Defense Cyber Crime Institute

jeffrey.mates@dc3.mil

410-694-4335

From: cti@lists.oasis-open.org <cti@lists.oasis-open.org> On Behalf Of Kirillov, Ivan A.
Sent: Friday, June 29, 2018 11:26 AM
To: cti@lists.oasis-open.org
Subject: [Non-DoD Source] Re: [cti] Finalizing the STIX 2.1 Malware Object

To continue the discussion on the capture of Cyber Observables as part of the Malware SDO, I’ve attached 3 example JSON instances outlining the various approaches that we’ve looked at:

current: the approach currently defined in the STIX 2.1 specification, using observable-objects dictionaries nested as dictionary values.

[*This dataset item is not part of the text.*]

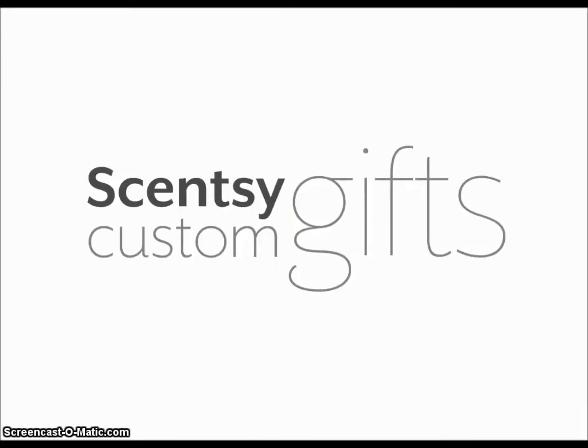Hello, ladies and gents. Welcome back to the Wickless Illumination channel. My name is Lindsay, and I'm your independent Scentsy family consultant coming to you from Salt Lake City, Utah. And today we're going to do a slideshow presentation on Scentsy Custom Gifts. So let's go ahead and get started.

Positives: simplifies parsing, as objects are always embedded, so no need for dereferencing.
Negatives: complicated data model/specification (some values are object dictionaries, some are not), different design pattern than used elsewhere.

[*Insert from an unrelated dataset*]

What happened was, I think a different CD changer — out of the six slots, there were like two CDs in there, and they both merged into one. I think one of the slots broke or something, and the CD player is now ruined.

top_level_observables: the approach I had proposed on the June 19 working call of embedding all observables in a property at the top level of the Malware SDO, and then referencing them elsewhere via their ID.

Positives: allows object re-use.
Negatives: makes parsing more difficult, different design pattern than used elsewhere.

observed_data: the approach that Gary Katz and Jeff Mates presented on the June 26^th working call of capturing all observables in Observed Data SDOs that are referenced accordingly.

Positives: re-uses existing object (Observed Data), which results in less effort on the part of consumers and producers to use since they already support it.
Negatives: Observed Data contains other required properties which may not be suitable for this context (number_observed, etc.), results in significantly larger JSON representations.

As you’ll see, one of the downsides of the Observed Data-based approach is that each individual Cyber Observable object (file, software, et.) has to be captured in its own Observed Data SDO per the current language in the specification (i.e., a single Observed Data cannot capture multiple unrelated objects). This means that this approach will significantly increase the size of the JSON that we’ll need to generate for Malware SDOs that make use of many cyber observables. The other issue with using Observed Data here is that “first_observed/last_observed” and “number_observed” are rather meaningless here, since these are non-traditional observations; in my example, I set “first_observed/last_observed” to the same timestamp as “created/modified” and “number_observed” I always set to 1.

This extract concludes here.